= Milan Radin (politician) =

Serbian politician

Milan Radin (Милан Радин; born 1988) is a politician in Serbia. He was elected to the National Assembly of Serbia in the 2020 Serbian parliamentary election. Radin is a member of the Serbian Progressive Party.

==Early life and private career==
Radin was born in Belgrade, in what was then the Socialist Republic of Serbia in the Socialist Federal Republic of Yugoslavia. He has a degree from the Faculty of European Legal and Political Science in Novi Sad and subsequently received a Master of Business Administration degree. He has been the executive director of Mala Mlekara and now lives in Novi Sad.

==Politician==
Radin has been a member of the Progressive Party's Youth Union.
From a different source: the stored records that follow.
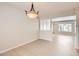 Open-concept dining room boasts tile floors, stylish chandelier, and natural light from the adjacent room at 2221 S Arbutus Ct, Lakewood, CO 80228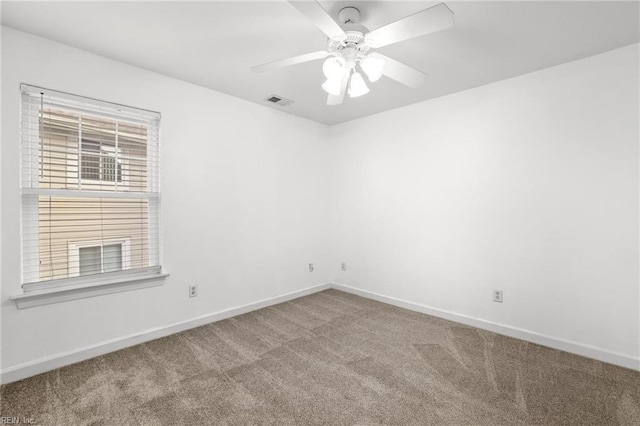 carpeted spare room with ceiling fan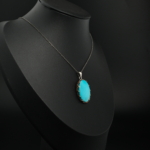 Pendentif unisexe en turquoise naturelle d'Arizona ovale et argent 925 sur tissu blanc satiné.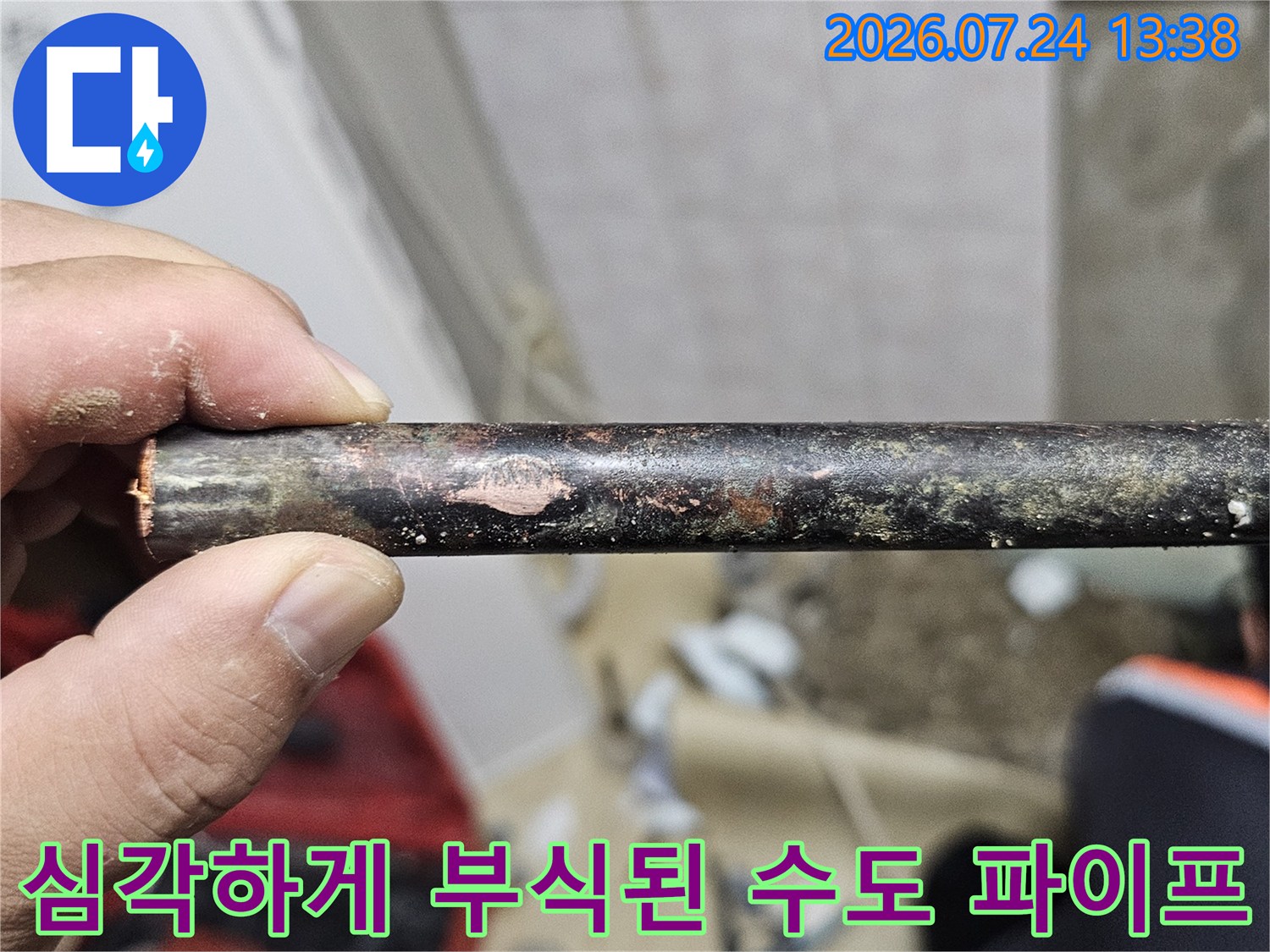 손에 쥐어진 검은색과 갈색으로 부식된 노후된 금속 배관의 모습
In 2018, he took part in a Progressive Party delegation to a meeting of the European People's Party in Athens, Greece.

===Municipal politics===
Radin received the seventy-fourth position on the Progressive Party's electoral list for the Novi Sad municipal assembly in the 2012 Serbian local elections and was not returned when the list won fifteen mandates. He was promoted to the fifty-second position in the 2016 local elections and was again not elected when the list won thirty-eight seats.

===Parliamentarian===
Radin received the eighty-eighth position on the Progressive Party's Aleksandar Vučić — For Our Children coalition list in the 2020 Serbian parliamentary election and was elected when the list won a landslide majority with 188 mandates. He is now a member of the European integration committee; a deputy member of the committee on education, science, technological development, and the information society; a member of the subcommittee on the information society and digitalization; a substitute member of the Serbia's delegation to the Parliamentary Assembly of the Council of Europe; the leader of Serbia's parliamentary friendship group with South Africa; and a member of the parliamentary friendship groups with Argentina, Austria, Belgium, Brazil, Canada, China, Cuba, Cyprus, the Czech Republic, Denmark, Finland, France, Georgia, Germany, Greece, Hungary, Ireland, Israel, Italy, Japan, Malta, the Netherlands, North Macedonia, Norway, Poland, Russia, Slovakia, South Korea, Spain, Sweden, Switzerland, Turkey, the United Kingdom, and the United States of America.